"—Ane furme, ane furlet,
Ane pott, ane pek."
Bannatyne Poems, p. 159.
Skinner derives it from A.-S. feower, quatuor; and lot, hlot, portio (the fourth part); Teut. "viertel."
J.S.
Loscop (No. 20. p. 319).—To be "Louecope-free" is one of the immunities granted to the Cinque Ports in their charters of Liberties.
Jeakes explains the term thus:—
"The Saxon word Cope (in Low Dutch still Kope or Koope), for trade or merchandising, makes this as much as to trade freely for love. So that by no kind of monopoly patent, or company or society of traders or merchants, the portsmen be hindered from merchandising; but freely and for love, be permitted to trade and traffick, even by such company of merchants, whenever it shall happen their concerns lie together."
In my MSS., and in the print of Jeakes, it is "Louecope," with which "Lofcope" may be readily identified; and f may easily be misread for s, especially if the roll be obscured.
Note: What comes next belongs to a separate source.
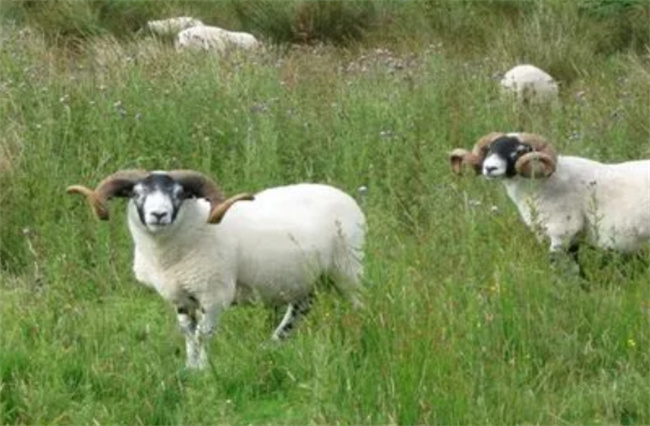 灰不喇唧是什么生肖、时代作答落实解释 灰不喇唧是什么生肖、时代作答落实解释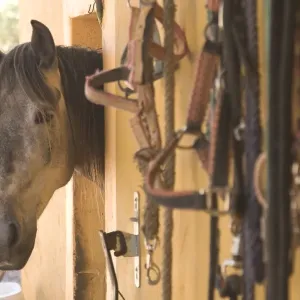 Horse peeking head out of barn Horse peeking head out of barn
If Jeakes's etymology of the word be correct, the inference would rather be that "Lovecope" was a tax for the goodwill of the port at which a merchant vessel might arrive; a "port duty" in fact, independent of "lastage" &c., chargeable upon every trader that entered the port, whatever her cargo might be. And the immunities granted to the portsmen were that they should be "port duty free."